Нет ни лиц, ни имён. Где друзья? Где враги? С кем ты сам, соглядатай ночной?
Эка дьявольский труд — все идут и идут и проходят всё дальше и дальше.
Вот и рокот пропал в полуночный провал. Тишина над Кремлёвской стеной.
Тишина-то!.. Такая нашла тишина!.. Эхо слышно из Замоскворечья.
То ли сердце стучит, то ли ветер горчит, то ли в воздухе пахнет войной.
Едва задумав написать эссе об Олеге Чухонцеве, я жестко ограничил себя в проблематике. Ведь уже опубликовано множество академических статей, лингвистических исследований, научных работ — о философской рефлексии и предметно-бытовой конкретике в стихотворениях Чухонцева; об этнически-фольклорных россыпях, особенно в павловско-посадском контексте; о мифологизации плюс широком философском, культурно-историческом и метафизическом фоне, существующем за всеми этими смысловыми полями.
Что к этому можно добавить? Тем более если Чухонцев пишет редко, «в час по чайной ложке», и широкому читателю, да и узко профилированному критику, неизвестно, что, как и зачем поэтом написано в последние год-два.
С другой стороны, о нашем времени, с его резко изменившимся (конечно же, в рамках операции без наркоза под названием СВО) отношением в РФ к культуре и к жизни гражданина-поэта, можно говорить как раз на примере творческой паузы-молчания Чухонцева. По его ли воле, либо по причине внешних обстоятельств, но в «Журнальном зале» последние публикации — в «Знамени» от января 2020 года, и в «Новом мире» от декабря 2021-го.
Что-то брезжило —
то ли предчувствие зла,
что-то виделось —
то ли предвестье распада:
видно, время распалось
и юность прошла,
так прошла, что и памяти
стало не надо.
В конце концов, попробовать понять, что предполагает услышать поэт в ответ на вопрос: «Какое, милые, тысячелетье на дворе?» — это и о самом поэте, и о его тысячелетии.

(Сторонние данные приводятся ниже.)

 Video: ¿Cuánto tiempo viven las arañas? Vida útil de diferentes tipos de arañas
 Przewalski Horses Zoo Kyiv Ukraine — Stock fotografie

8 марта 2023 года Олегу Чухонцеву исполнилось 85 лет. В наш информационный век легко определить, что весну патриарха отметили скромно: несколько, на пальцах двух рук пересчитать, кратких поздравительных статей и небольших стихотворных подборок к юбилею в газетах-журналах и на медиаресурсах — вот, пожалуй, и всё. Согласитесь, для большого поэта, с выдающимися стихотворными текстами, которые бы украсили любую национальную литературу, этого невероятно мало.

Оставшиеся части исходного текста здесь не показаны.